Scrapes tweets from the Twitter Advanced Search webpage - bypasses the 10 day limit of the public API
git clone https://github.com/gutfeeling/twitass.git
cd twitass
- Create a virtualenv
-
If you want to use python 2
virtualenv venv
-
If you want to use python 3
virtualenv -p python3 venv
- Activate the virtualenv
source venv/bin/activate
- Install the python modules
-
If you want to use python 2
pip install -r requirements2.txt
-
If you want to use python 3
pip install -r requirements3.txt
Here is a basic example which searches for the word "python" in the Twitter Advance Search webpage and returns the first 200 tweets.
>>> from scraper import AdvancedSearchScraper
>>> ass = AdvancedSearchScraper("python", 200)
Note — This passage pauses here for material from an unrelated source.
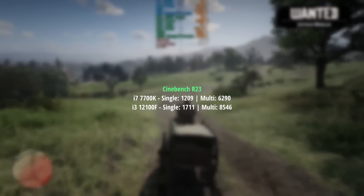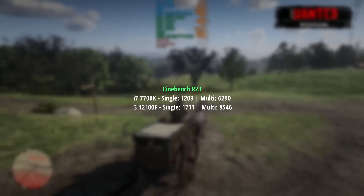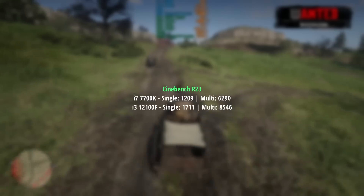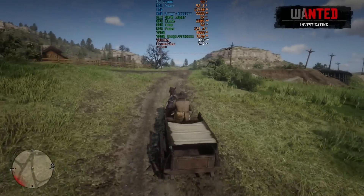I'll finalize with the Cinebench R23 results, which also swing in favor of the i3 — the newer quad-core chip — as expected in both the single and multi-core results. I'm sure a lot of you were anticipating that too.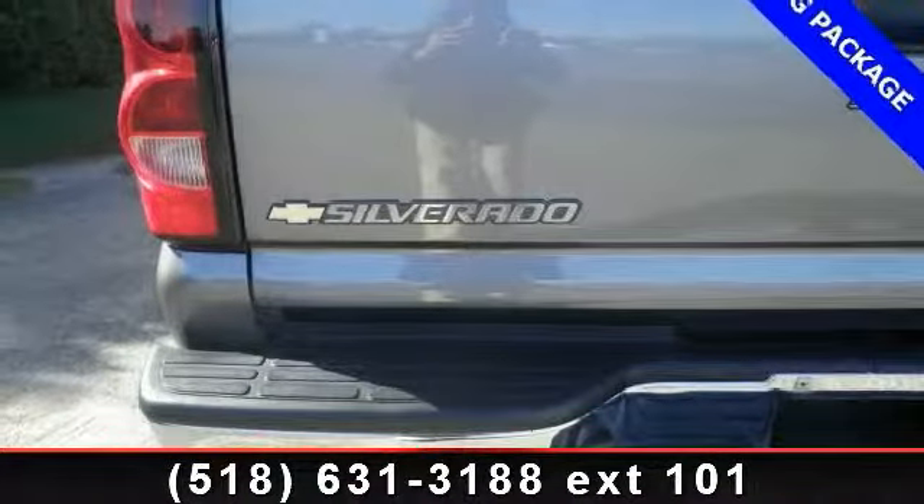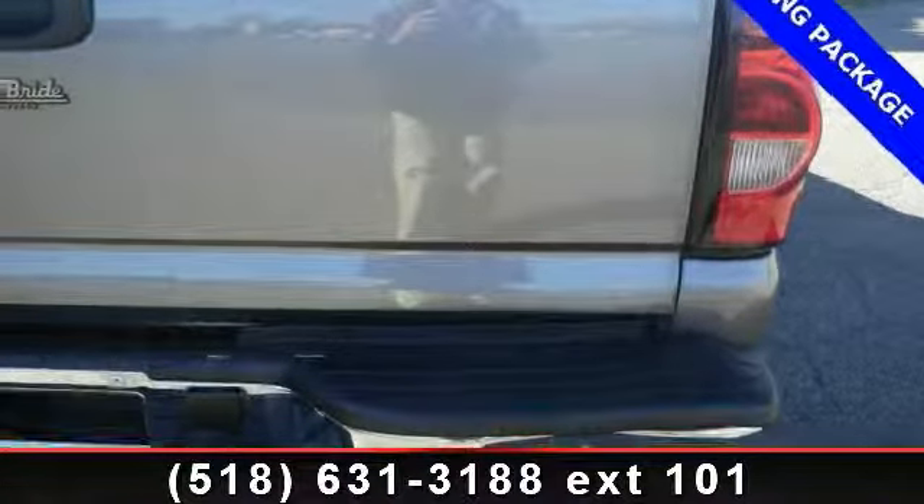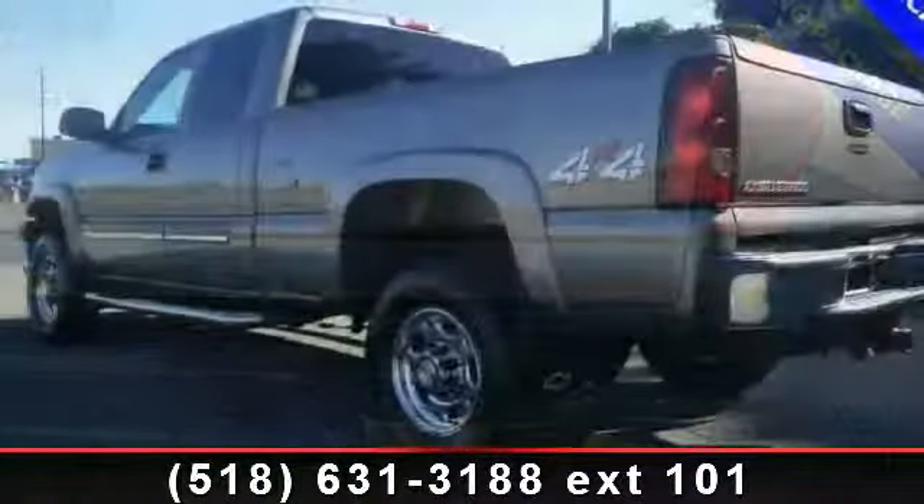This vehicle shows low mileage and has a smooth ride. A test drive is waiting for you. Call now to schedule an appointment at our dealership.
>>> tweets = ass.scrape() # Returns the first 200 tweets in a list
>>> tweets[0] # Each list element is a dict containing data of one tweet
{'tweet_timestamp': '1470408709000',
'tweet_id': 761575443145162752,
'author_href': '/ulysseas',
'tweet_permalink': '/ulysseas/status/761575443145162752',
'retweets': 0,
'author_name': 'Don Sheu 許家豪',
'tweet_time': '7:51 AM - 5 Aug 2016',
'author_handle': 'ulysseas',
'tweet_language': 'en',
'favorites': 0,
'author_id': 229946505,
'tweet_text': "@DaveParkerSEA @DRNilssen in Rio? Hope you connect w/ @ChicagoPython 's @brianray , Brian's my best friend, introduced me to Python community"
}